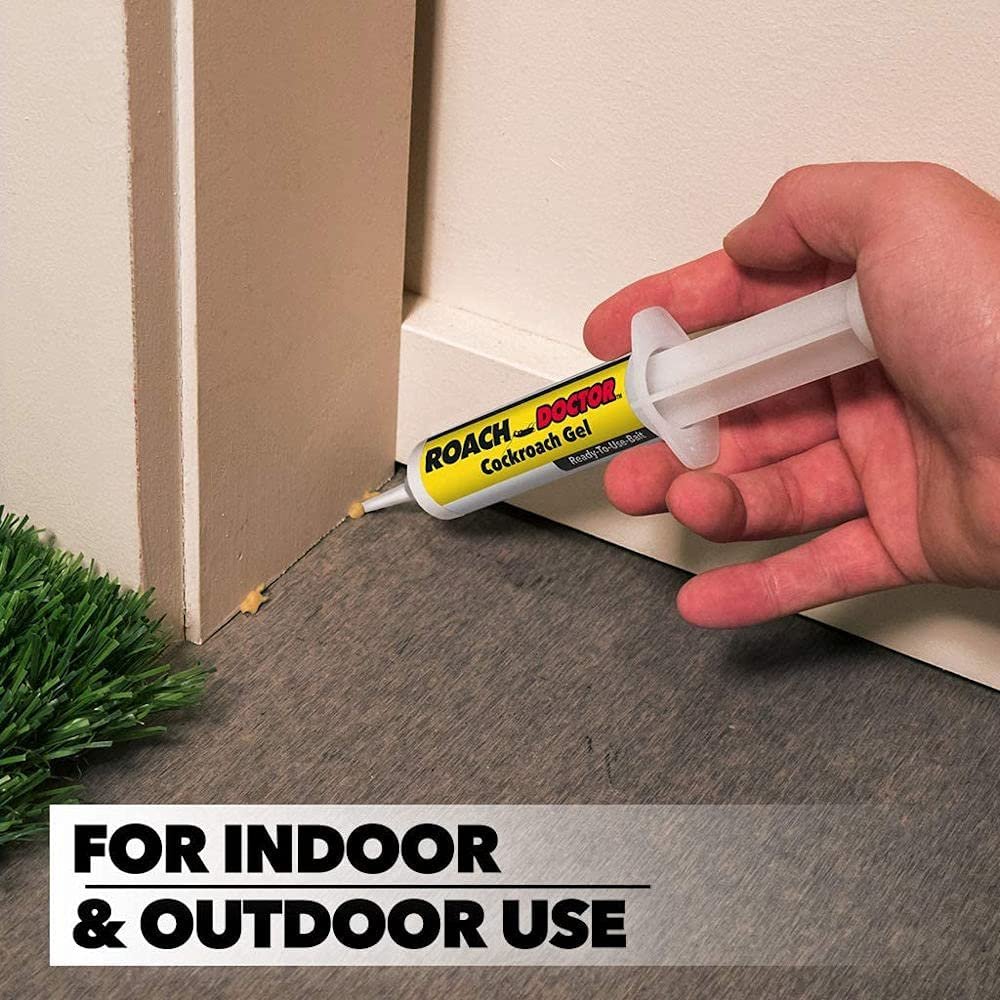 71h35JhcTSS._AC_SL1000_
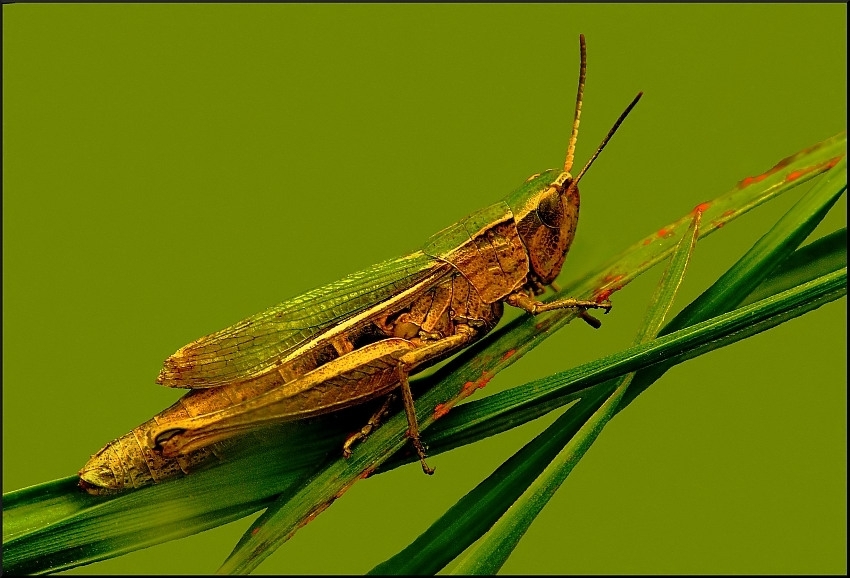 Waga ciężka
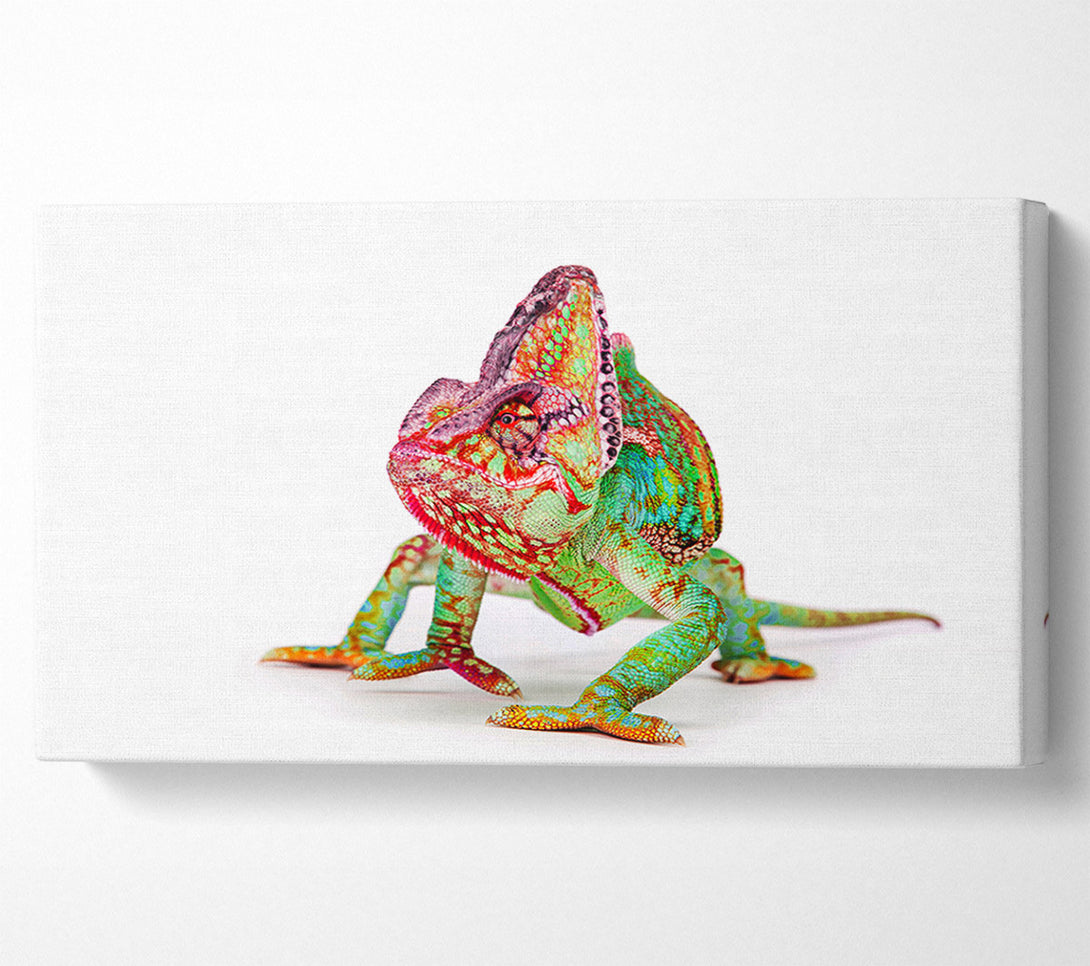  A Canvas Print of Chameleon Walk Canvas Wall Art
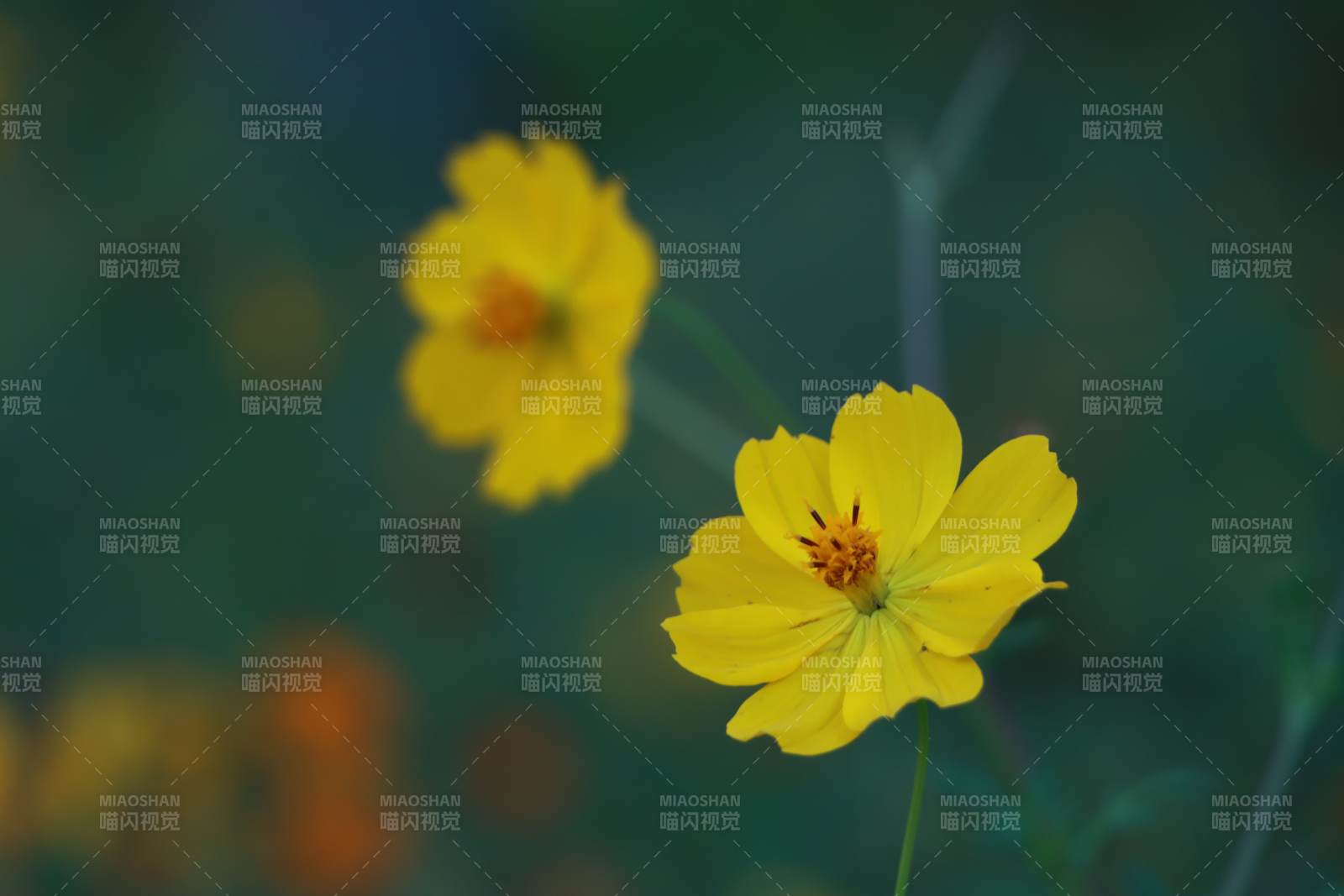夏日黃花 靜謐綻放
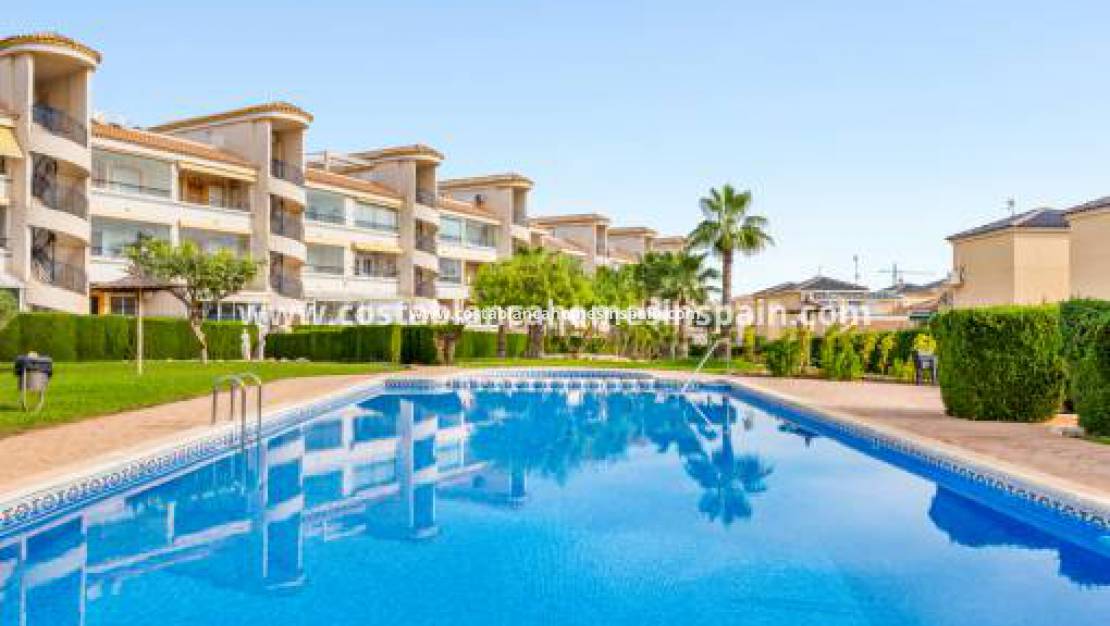 Endursölu - Semi Detached - Orihuela Costa - Los Altos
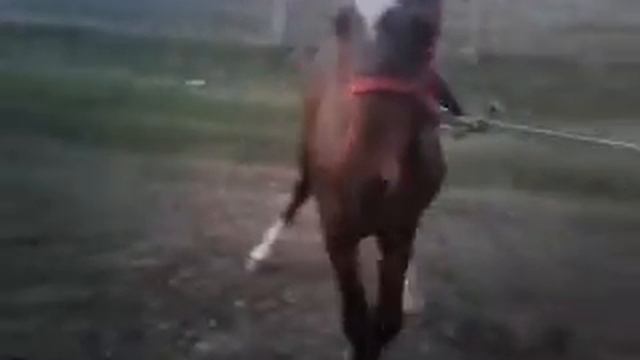 Сатылат баасы 150мин жашы 2 жаш полкрофка 0773717191 смотреть онлайн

## How to complete this task
What is needed is an exact reproduction of the data, pictures excluded.

## Answer to this problem
 71h35JhcTSS._AC_SL1000_
 Waga ciężka
  A Canvas Print of Chameleon Walk Canvas Wall Art
夏日黃花 靜謐綻放
 Endursölu - Semi Detached - Orihuela Costa - Los Altos
 Сатылат баасы 150мин жашы 2 жаш полкрофка 0773717191 смотреть онлайн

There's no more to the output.